Hollywood has long had a problem with fantastique cinema: Those who could happily accept The Exorcist 's demonic possession – once all the other possibilities had been systematically eliminated, of course – were nonplussed by The Shining . Too much about Jack Torrance's breakdown and connection with the Overlook Hotel "didn't make sense"

This, you sense, is the tension facing Birth director Jonathan Glazer. He's got a story, co-authored by Return of Martin Guerre writer and frequent Buñuel collaborator Jean-Claude Carrière ( Belle de Jour , That Obscure Object of Desire etc), that could work either way as a ten-year-old boy (Cameron Bright) shows up at a woman's (Nicole Kidman's) engagement party, tells her that he's her dead husband and proves to possess information that only the deceased could have known.

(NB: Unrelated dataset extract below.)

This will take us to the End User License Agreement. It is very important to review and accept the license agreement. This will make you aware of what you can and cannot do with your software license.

Three opening fragments establish the interpretive work required of the audience:

A voice-over in which an unidentified speaker announces that, despite being a firm believer in the material world, were his wife to die and then, ten years later, a bird were to alight by him and say she was Anna, he'd be forced to believe her; a black-clad man jogging through a snow-covered Central Park, entering a dark tunnel and collapsing, dead; and a baby being born.

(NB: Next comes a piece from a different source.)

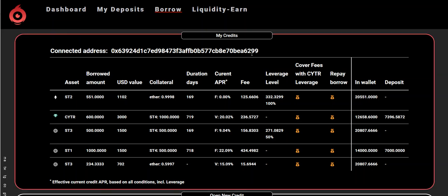Here is a short video explaining how the leverage feature works. I have a couple of loans here — it's still in testnet — and it says I have a leverage level of 100%. What this means is that this is the amount of CYTR staked by me.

Unfortunately what we get after close on 90 minutes of quality build-up – a controlled mise-en-scene that emphasises the unease in even the most mundane of occurrences and showcases Glazer's definite talent with actors, already established by Sexy Beast , even if one feels that Helen Hunt, Anne Heche and Lauren Bacall are somewhat underused in what is essentially Kidman's film – is a convenient eleventh hour resolution that provides a sort-of-rational explanation and thereby cheats the spectator who has bought into the film's game, whether by accepting the opening birth and death as connected events – a reminder that montage etymologically implies assemblage; "making things up" – or reading intertextual allusions to Rosemary's Baby in Anna's sprawling Manhattan apartment and gamine hairdo.

Thus, the film emerges as neither fantastique nor horror – too weird and declasse respectively – but as disappointing mundane psychological drama – more serious and sophisticated as far as Hollywood is concerned – only vestigially worthwhile for the boldness inherent in the developing relationship between the boy – on this showing Bright could well be the next Elijah Wood Jr or Haley Joel Osment – and 35-year-old woman with its inevitable tightrope walking along the fine line between amour fou and prurient/borderline paedophiliac interest when the mismatched couple talk about "it" or he strips off to joins her in the bath.

Worryingly Glazer's next project is a remake of the Japanese horror Kaos , precisely the sort of project that is likely to require a no-nonsense, unashamed genre sensibility.